Por eso, hoy es buen momento para hacer cuentas: ¿A qué estamos dedicando la vida? ¿A qué le damos tiempo, energía, corazón? ¿Estamos apostando por lo que de verdad importa? Porque ahí nos jugamos la alegría, la paz, el sentido de la vida.
Magis
Hoy Jesús nos dice: “Yo soy más”. Más que todo. Más que cualquier afecto, proyecto o sueño. El “magis” ignaciano no es sólo buscar lo más y mejor, la excelencia en todo los que podamos hacer, sino buscar y hallar al mismo Jesús en todo lo que hacemos, porque él es nuestro mayor bien.
Jesús no se conforma con un rincón en nuestra vida. Quiere entrar hasta el fondo. Y por eso es exigente. Pero lo es con razón, porque sabe lo que promete: vida verdadera.

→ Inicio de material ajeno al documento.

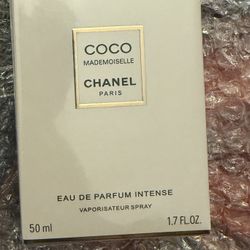 Chanel Coco Mademoiselle Intense Eau de Parfum 1.7 oz – New & Sealed w/ Receipt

Una vida que vale la pena. ¿Lo escuchamos de verdad? ¿O nos da miedo lo que pide?
A veces, si no hemos tenido un encuentro real con su amor, el Evangelio nos suena duro. Pero cuando lo hemos conocido, cuando sentimos que el Señor nos ama, entonces lo que pide deja de ser carga y se vuelve camino.
Así lo vivió Ignacio. Así lo vivieron tantos después de él. Por eso hay hoy comunidades, congregaciones, laicos, familias enteras que viven desde este mismo espíritu ignaciano: el de Jesús pobre y humilde, que quiere transformar el mundo con su amor.
Y no es el número de seguidores lo que cuenta, ni los títulos, ni la fama. Lo que importa, lo que movía a Ignacio, era “la mayor gloria de Dios y el bien de las personas”. Buscar la verdad. Buscar vivir a fondo.
En la fiesta de San Ignacio, preguntémonos: ¿Estamos dispuestos a arriesgar por Dios? ¿A fiarnos de Él? ¿Tenemos dentro ese deseo de “siempre más”?
Si decimos que sí —aunque sea con miedo— nuestra vida cambiará. Y como nuestro santo patrón, veremos cómo nuestros límites se convierten en el lugar donde Dios hace algo nuevo. Que así sea.